Потому сказки стали от «него» тайными, их общей с мамой тайной до самого того часа, когда она без колебаний ушла туда… в то огромное, страшное, благородное и священное, что называется словами: "На фронт"…
И среди ночи на гремящем, трясущемся полу вагона чумазый Олег вдруг в тоске порывисто протягивал руки, стукался о лавку над головой и неслышно, кусая губы, плакал, размазывая сажу по щекам, беззвучно, одними губами призывая всё своё маленькое прошлое, общее имя которому было "мама".
Глава сороковая
Казалось просто нелепым ходить и стараться не опаздывать в школу, учить уроки. Кому это нужно — учить, сколько жителей во Франции, когда самой Франции-то уже почти нет: половина захвачена фашистами, а в другой половине засели какие-то паршивые вишисты?
В сводке сегодня: "Наши войска вели тяжёлые оборонительные бои…" — а ты в это время решай какие-то примеры, задачки, как будто от этого что-нибудь зависит там, где наши ведут тяжёлые бои!..
Но высказывать всё это вслух было, конечно, бессмысленно, и Оля прилежно училась, ходила в школу, готовила уроки.
Дедушка Шараф работал сторожем в пригородном колхозе, и у него там был маленький участочек, так что в доме всегда была кукуруза и кое-какие овощи; кроме того, ишачок Джафар не только сам зарабатывал себе на жизнь, а кое-что даже прирабатывал.
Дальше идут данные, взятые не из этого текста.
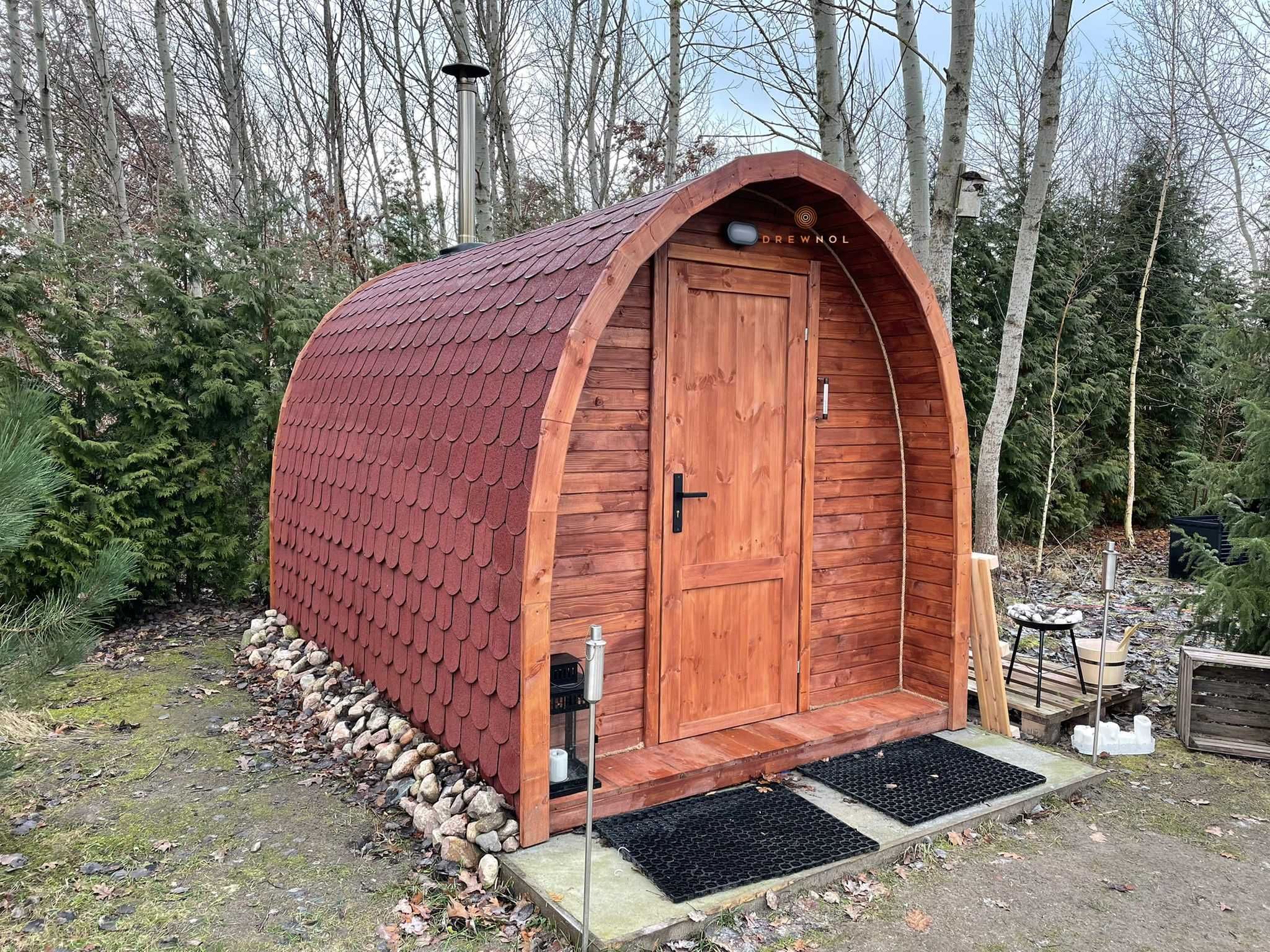 Sauna ogrodowa, sauna beczka, sauna owalna, sauna igloo, sauna Drewnol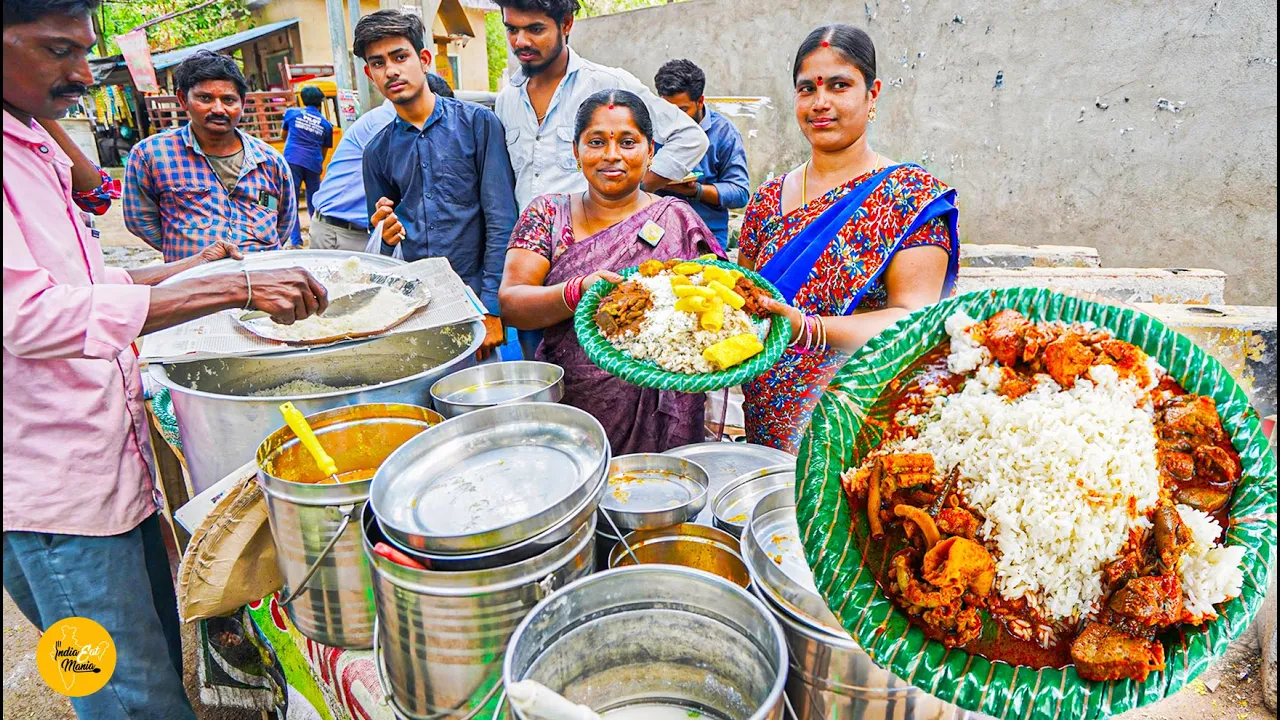 Two Hardworking Sister Selling Cheapest Unlimited 5 In 1 Non Veg Thali Rs 80/- Only l Hyderabad Food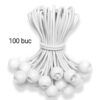 Set 100 Corzi elastice cu bilă pentru corturi, Lungime 15 cm, Culoare Alb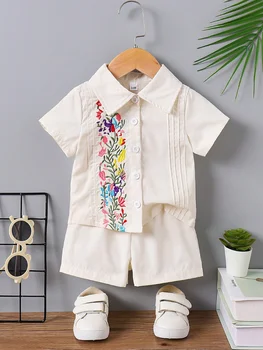 Baby Boy Beige Outfit, Floral Embroidery Collared Shirt & Shorts, Summer Casual Set 1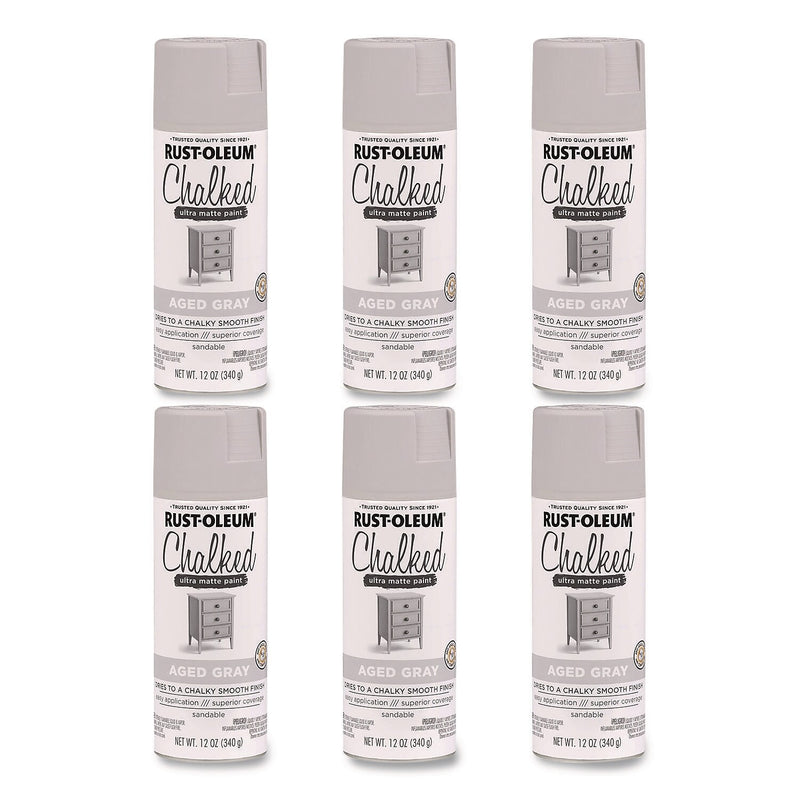 Rust-Oleum Chalked Paint, Aged Gray, 12 oz., 6/Carton (302592)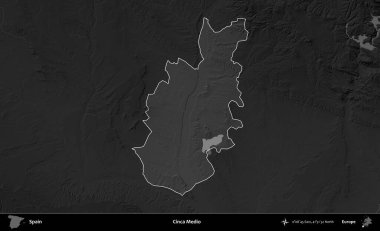 Cinca Medio. İspanya 'nın idari alanı belirtilmiş ve koyu gri tonlu yükseklik haritasına göre özetlenmiştir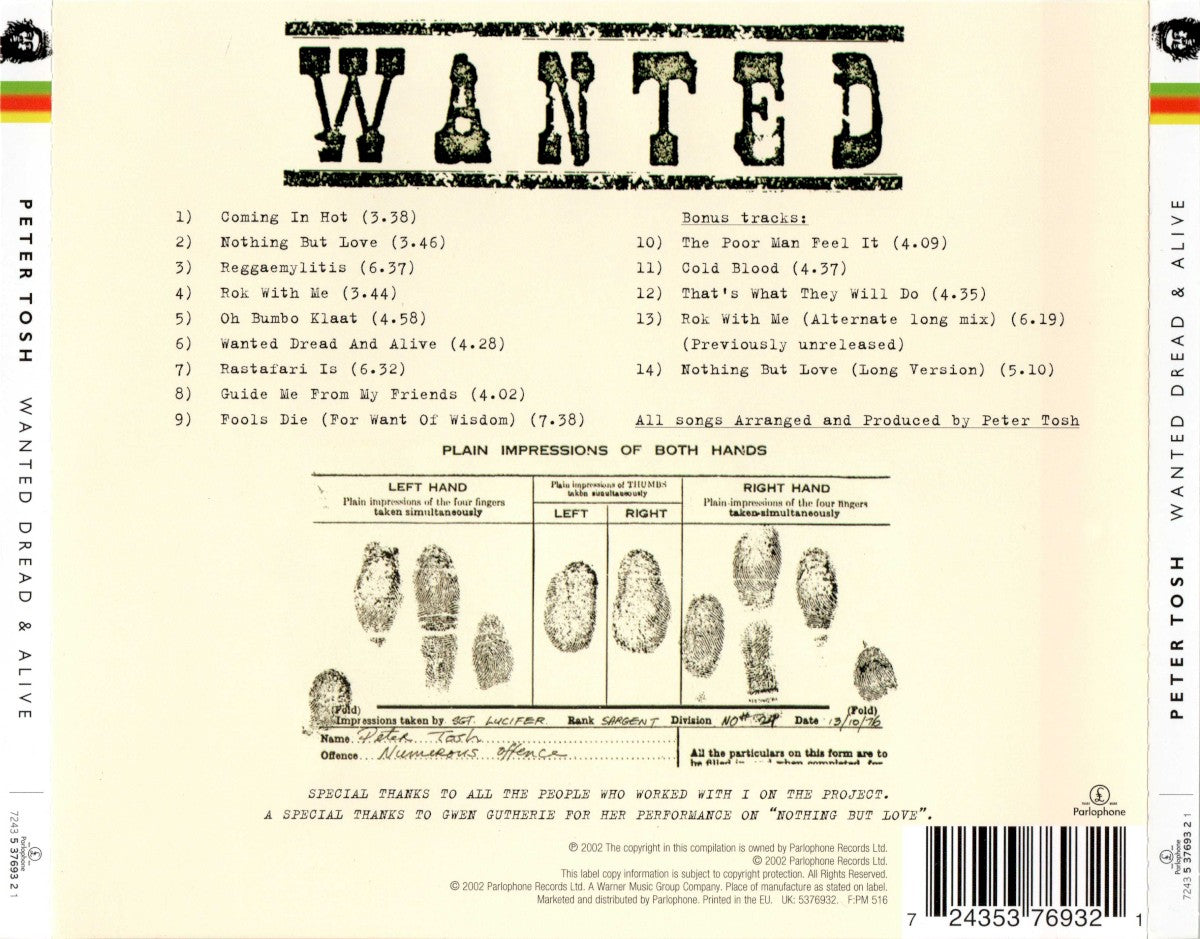 Peter Tosh – Wanted Dread And Alive (LP Vinyl) Vinyl Record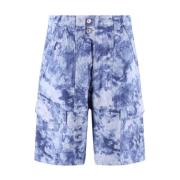 Blauwe Tie Dye Bermuda Shorts Isabel Marant , Multicolor , Heren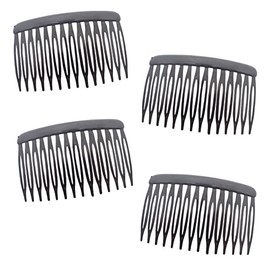 Topkids Accessories Set Of 4 Hair Comb Slides For Women, Ladies, Girls French Side Combs Strong Hold Hair Clips Clip Hair Slide for Thick and Fine Hair (7.5cm / 3", Black)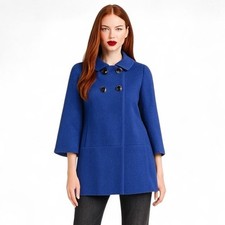 Banana Republic Wool Blend Double Breasted Blue Peacoat Sz S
Шараф часто отпускал его на работу, когда нужно было свезти кому-нибудь из знакомых мешки на базар или с поля к себе в дом.
По ночам, когда Оля оставалась одна в доме, бывало чуть жутковато, но тут на помощь приходил Олег. Он презрительно говорил: "Подумаешь! Что это тут страшного? То ли я повидал!.. Тут соседи рядом во дворике… Не то что, когда я ночевал в сене в избушке без окон, без дверей! А ведь тогда я был ещё почти девчонкой!"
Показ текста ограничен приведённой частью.